▸ Short text fragments from websites:
• • • • • • •

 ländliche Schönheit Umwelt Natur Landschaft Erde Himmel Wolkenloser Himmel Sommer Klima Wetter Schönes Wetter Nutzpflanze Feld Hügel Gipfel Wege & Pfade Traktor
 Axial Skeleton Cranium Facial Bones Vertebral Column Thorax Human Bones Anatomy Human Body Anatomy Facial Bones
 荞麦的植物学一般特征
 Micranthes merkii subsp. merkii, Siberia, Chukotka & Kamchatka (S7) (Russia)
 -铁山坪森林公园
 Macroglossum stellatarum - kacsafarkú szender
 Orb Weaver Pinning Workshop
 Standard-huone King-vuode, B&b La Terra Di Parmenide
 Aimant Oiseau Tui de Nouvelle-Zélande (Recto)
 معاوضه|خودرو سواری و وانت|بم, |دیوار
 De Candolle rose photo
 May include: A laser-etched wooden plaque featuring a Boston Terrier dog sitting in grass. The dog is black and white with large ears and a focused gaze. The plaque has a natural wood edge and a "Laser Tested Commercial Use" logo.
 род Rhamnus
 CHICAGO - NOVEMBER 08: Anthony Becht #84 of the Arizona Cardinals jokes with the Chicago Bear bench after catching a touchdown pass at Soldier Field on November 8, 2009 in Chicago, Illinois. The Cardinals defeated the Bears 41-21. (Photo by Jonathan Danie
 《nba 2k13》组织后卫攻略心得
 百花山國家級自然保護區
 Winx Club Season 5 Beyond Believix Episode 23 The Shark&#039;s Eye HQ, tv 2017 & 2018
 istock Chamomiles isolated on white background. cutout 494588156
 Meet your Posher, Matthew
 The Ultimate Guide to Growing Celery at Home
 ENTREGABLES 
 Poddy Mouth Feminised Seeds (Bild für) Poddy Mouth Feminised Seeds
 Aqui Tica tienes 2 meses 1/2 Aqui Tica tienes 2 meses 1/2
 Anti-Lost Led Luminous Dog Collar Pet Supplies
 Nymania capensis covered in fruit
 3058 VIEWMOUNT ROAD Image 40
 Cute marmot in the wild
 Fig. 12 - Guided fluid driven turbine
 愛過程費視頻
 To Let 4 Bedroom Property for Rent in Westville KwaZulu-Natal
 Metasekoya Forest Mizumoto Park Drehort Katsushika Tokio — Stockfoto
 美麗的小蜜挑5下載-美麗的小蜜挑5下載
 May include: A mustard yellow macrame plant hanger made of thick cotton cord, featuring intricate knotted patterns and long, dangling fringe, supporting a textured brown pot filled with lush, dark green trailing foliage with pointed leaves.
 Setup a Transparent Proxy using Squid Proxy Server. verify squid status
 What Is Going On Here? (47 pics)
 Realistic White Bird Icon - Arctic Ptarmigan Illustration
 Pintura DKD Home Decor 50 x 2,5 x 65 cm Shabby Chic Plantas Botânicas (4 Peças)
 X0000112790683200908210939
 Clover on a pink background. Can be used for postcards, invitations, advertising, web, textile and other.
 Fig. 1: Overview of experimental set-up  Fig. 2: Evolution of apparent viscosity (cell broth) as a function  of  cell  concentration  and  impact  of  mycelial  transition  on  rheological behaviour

• • • • • • •

▸ Required action:
Reproduce only the lines above spanning from the line containing "Winx Club Season" through the line containing "May include: A mustard", word for word.

▸ Task response:
 Winx Club Season 5 Beyond Believix Episode 23 The Shark&#039;s Eye HQ, tv 2017 & 2018
 istock Chamomiles isolated on white background. cutout 494588156
 Meet your Posher, Matthew
 The Ultimate Guide to Growing Celery at Home
 ENTREGABLES 
 Poddy Mouth Feminised Seeds (Bild für) Poddy Mouth Feminised Seeds
 Aqui Tica tienes 2 meses 1/2 Aqui Tica tienes 2 meses 1/2
 Anti-Lost Led Luminous Dog Collar Pet Supplies
 Nymania capensis covered in fruit
 3058 VIEWMOUNT ROAD Image 40
 Cute marmot in the wild
 Fig. 12 - Guided fluid driven turbine
 愛過程費視頻
 To Let 4 Bedroom Property for Rent in Westville KwaZulu-Natal
 Metasekoya Forest Mizumoto Park Drehort Katsushika Tokio — Stockfoto
 美麗的小蜜挑5下載-美麗的小蜜挑5下載
 May include: A mustard yellow macrame plant hanger made of thick cotton cord, featuring intricate knotted patterns and long, dangling fringe, supporting a textured brown pot filled with lush, dark green trailing foliage with pointed leaves.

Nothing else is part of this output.